Credit conditions still tight despite low rates
Published 01/09/2009 | 02:10
Credit conditions remained “very tight” for manufacturing firms despite low levels of interest rates and government efforts to free up liquidity in the banking system, according to research out today.
A survey of 560 companies in the UK by the Engineering Employers Federation (EEF) found only a small reduction in the number of businesses finding it more difficult to access credit.
Only 7% of firms said there had been a fall in the cost of borrowing in recent months, while half reported an increase in the cost of finance from banks and other finance providers. This compared with 44% in the three months to June and 37% at the start of the year and was the highest figure since the survey was launched at the end of 2007.

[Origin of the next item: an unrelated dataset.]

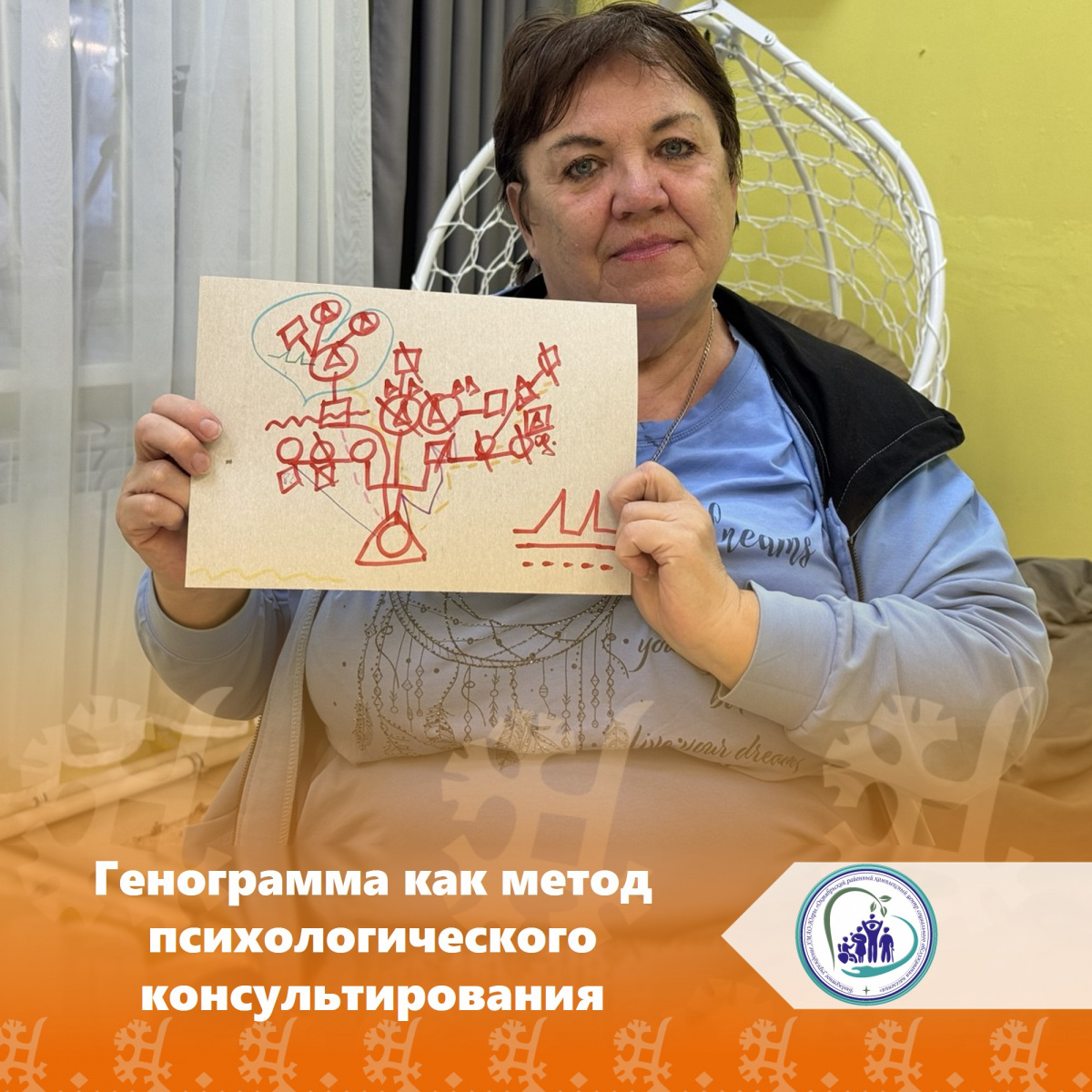 Генограмма как метод психологического консультирования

Manufacturers also revealed higher costs for new lines of borrowing, according to the report which warned that tight credit conditions were likely to weaken the economy's recovery.
Steve Radley, the EEF's director of policy, said: “Despite low levels of interest rates and significant intervention by the government and the Bank of England, credit conditions remain very tight.
“Given the severe damage done to banks' balance sheets by the recession, this is likely to remain the case for some time and will dampen the recovery, as meeting new orders puts increasing pressure on manufacturers' cashflow.
“This suggests that the government and Bank will need to move carefully in removing the current support for the economy.”